Nothing screams Memorial Day like a cookout. But how do you breathe new life into the same ole, same ole? Why not try something different by grilling up a Japanese yakitori buffet? Offering several meat and vegetable choices means there will be something to please everyone. And yakitori is so simple you’ll wonder why you never tried this before!
What is yakitori?
Technically, yakitori refers to chicken pieces that have been marinated, skewered and then grilled. It is a Japanese method of cooking chicken that dates back to the Edo period, from 1603 to 1867. But as yakitori shops have sprung up all over the country, the word “yakitori” has evolved to refer to any small bits of food skewered and grilled in Japanese fashion.
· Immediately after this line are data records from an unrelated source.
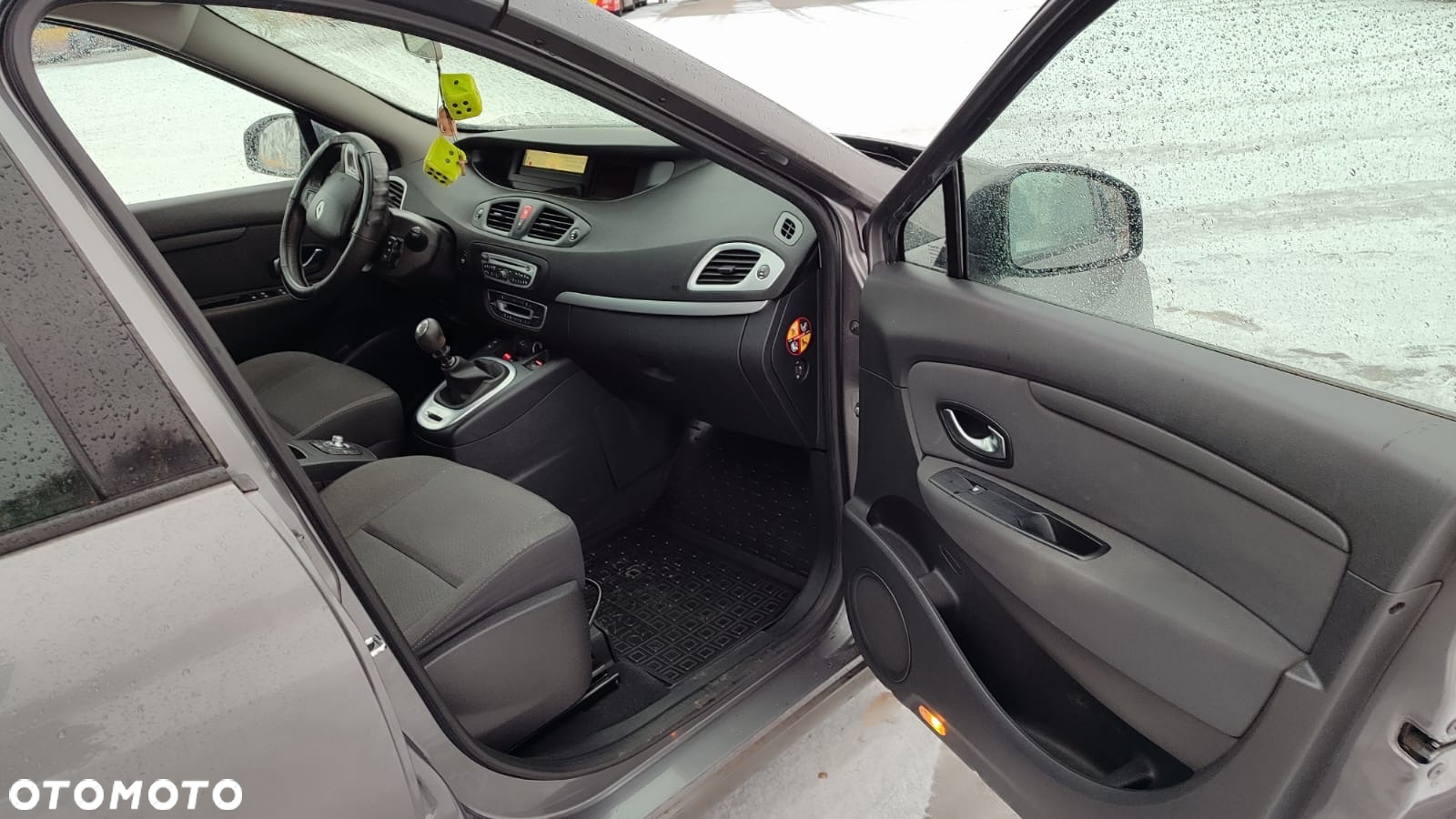 Renault Grand Scenic - 13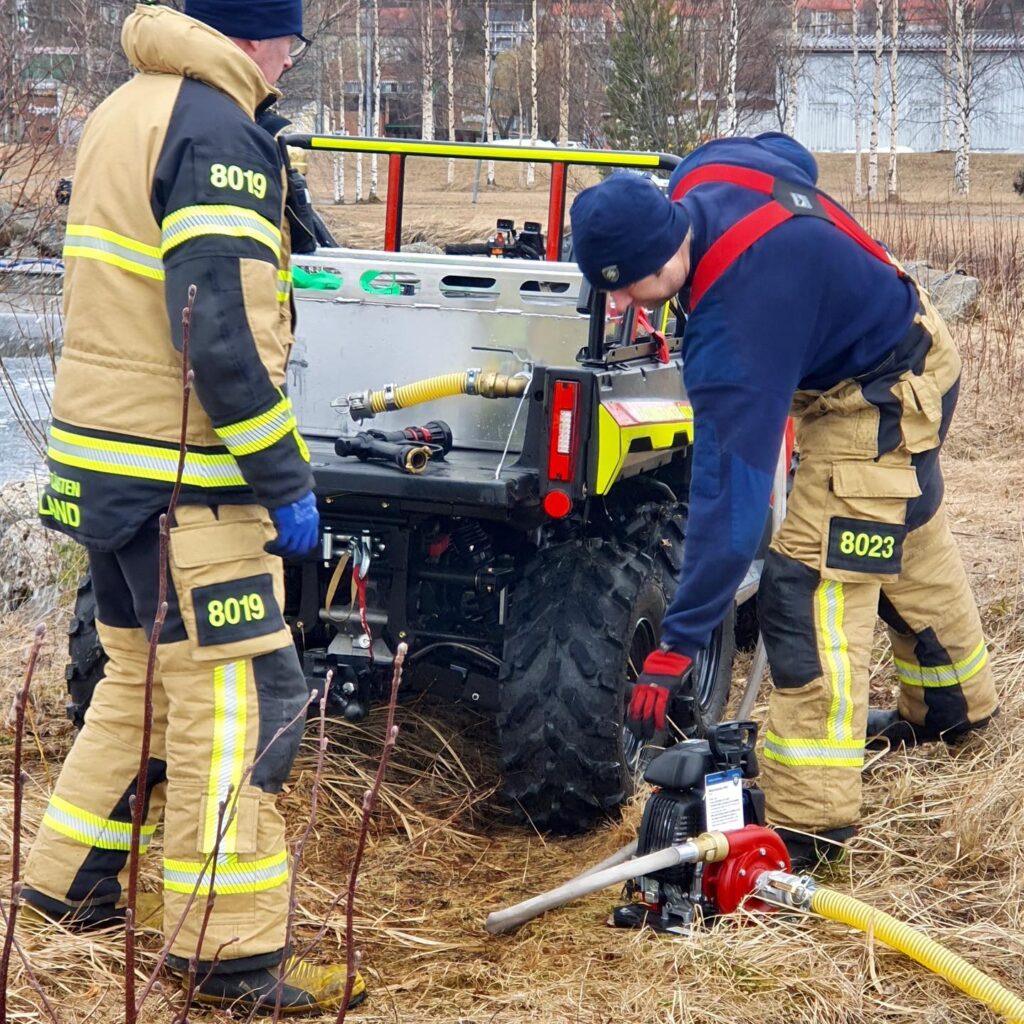 Brandmän vid sex-hjuling.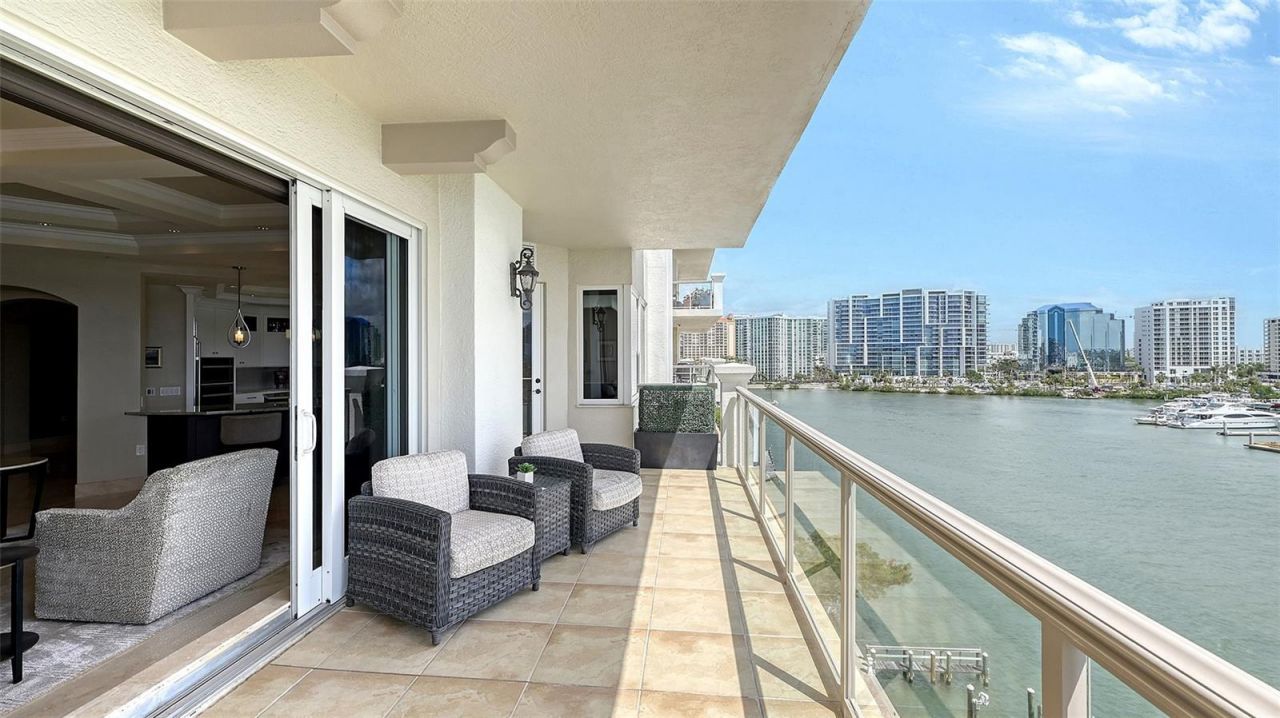 464 Golden Gate Point, Unit 702, Sarasota, FL 34236 Photo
What foods can be served yakitori style?
Just about any meat can be served yakitori style. It simply needs to be very thin so that it will cook quickly. You should also avoid tough cuts that need long cooking times to become tender. Chicken, beef filet, center cut pork chops, shrimp and chicken livers all make excellent yakitori.
For vegetables you’ll want selections that hold up well to the grill. Asparagus, mushrooms, baby corn, baby zucchini and baby eggplant all work well.
What about dipping sauces?
I like to keep my sauces true to Japanese tradition with soy, teriyaki and ponzu. But you can feel free to experiment with any sauces you and your guests enjoy.
What and for how long do I marinade?
I only marinade the meat – I like the vegetables to stay true to their own natural flavors. For your meats, pound them thin if necessary and then marinade them for four hours to overnight. It’s not an exact science – in fact, I have sometimes done this on the spur of the moment and haven’t marinated the meat at all. It still turns out delicious!
Is there a trick to skewering?
Yes – two actually. First, soak your wooden six-inch skewers in water for a few hours to prevent them from burning on the grill. Then, use two skewers per bundle of food. Lay your food out flat in a vertical row and skewer up through each piece along one end. Then use another skewer to do the same thing on the other end. The two-skewer method will keep the individual pieces from twisting, making it easier to turn them to grill on the other side.
What do I serve with my yakitori?
Again, I recommend staying true to form and serving Japanese fried rice. As adult beverages you can serve Sapporo and Kirin beer, or a nice chilled sake.
Serving a grilled yakitori buffet is a nice change from burgers and brats and works as a great conversation starter as well. The food is all familiar, just prepared in a different way, so it will be a hit for both adventurous and picky eaters.